#### YOUR TASK
Every entry below must be transcribed word for word, and the images must be left out.
.....
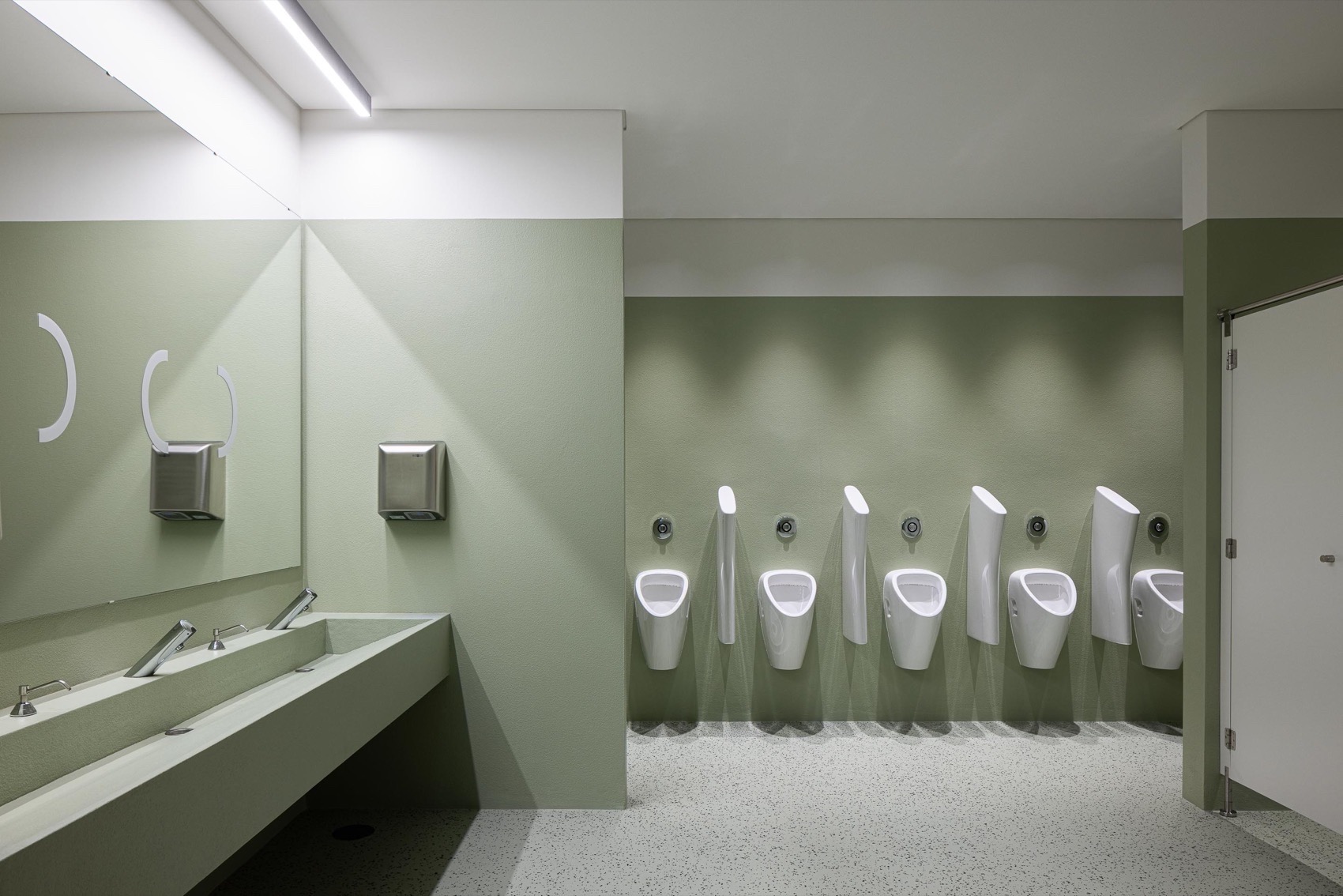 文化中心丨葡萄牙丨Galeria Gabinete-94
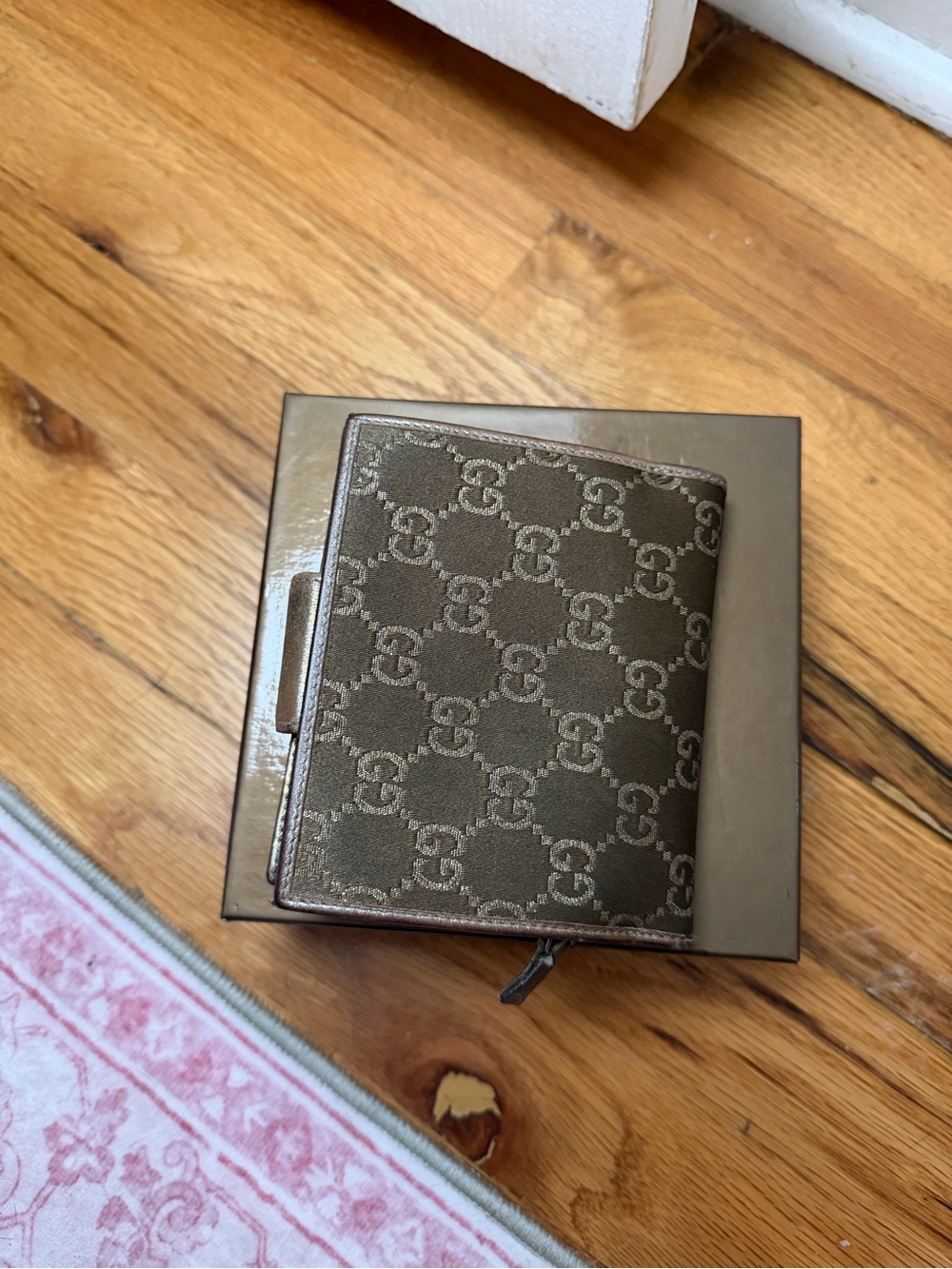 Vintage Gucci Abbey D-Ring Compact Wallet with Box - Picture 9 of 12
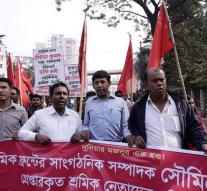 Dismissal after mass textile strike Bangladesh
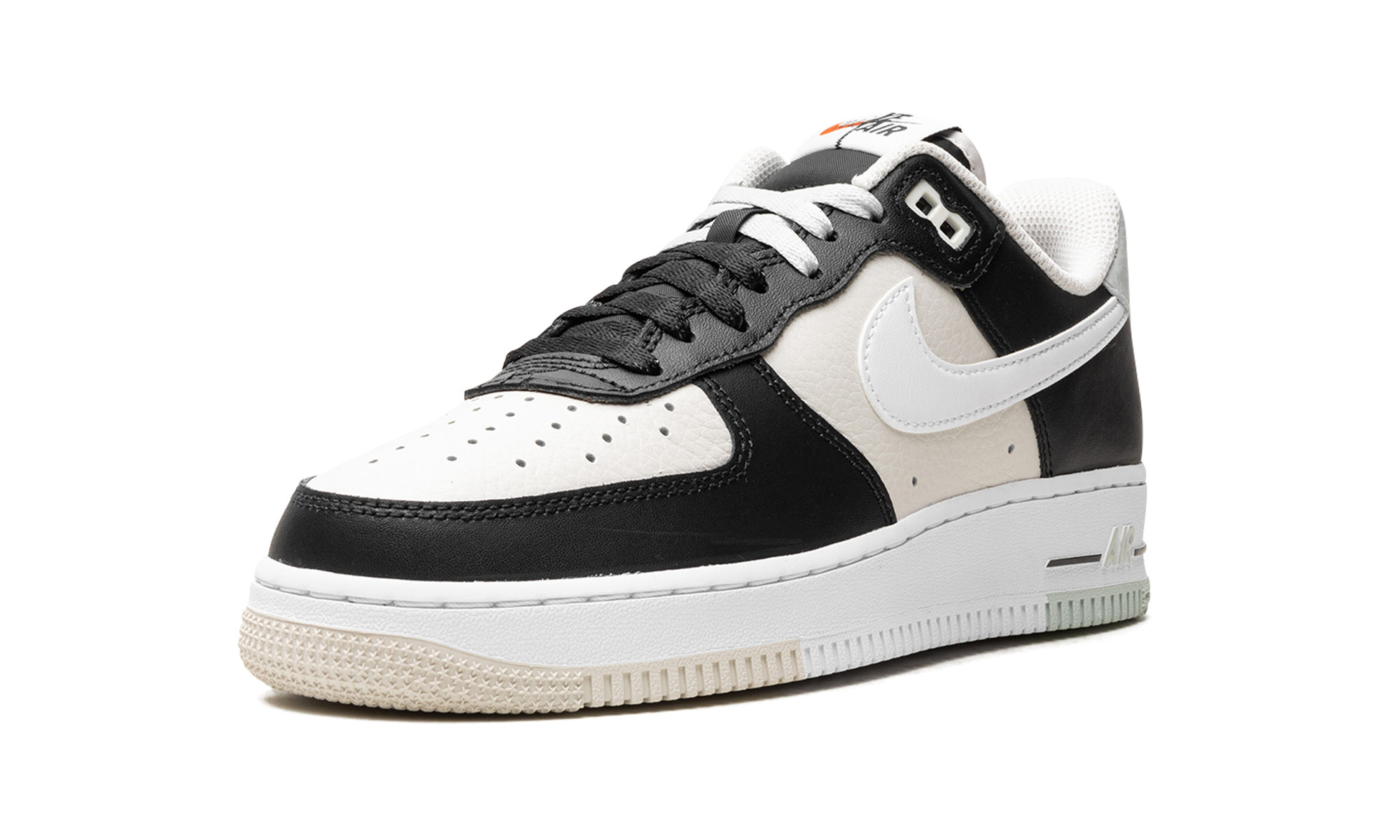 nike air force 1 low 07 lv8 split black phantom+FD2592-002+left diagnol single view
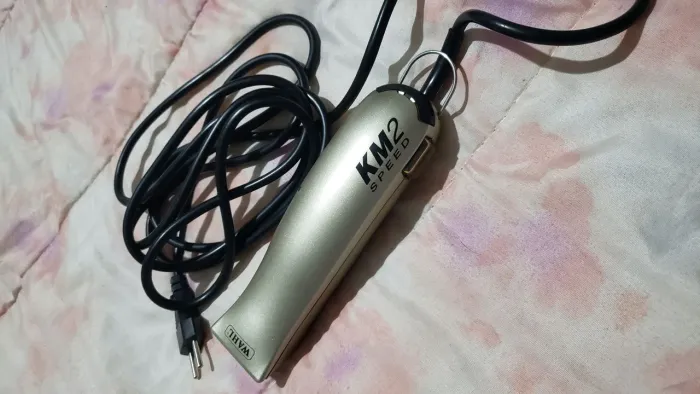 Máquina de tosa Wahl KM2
.....
#### EXERCISE OUTPUT
 文化中心丨葡萄牙丨Galeria Gabinete-94
 Vintage Gucci Abbey D-Ring Compact Wallet with Box - Picture 9 of 12
 Dismissal after mass textile strike Bangladesh
 nike air force 1 low 07 lv8 split black phantom+FD2592-002+left diagnol single view
 Máquina de tosa Wahl KM2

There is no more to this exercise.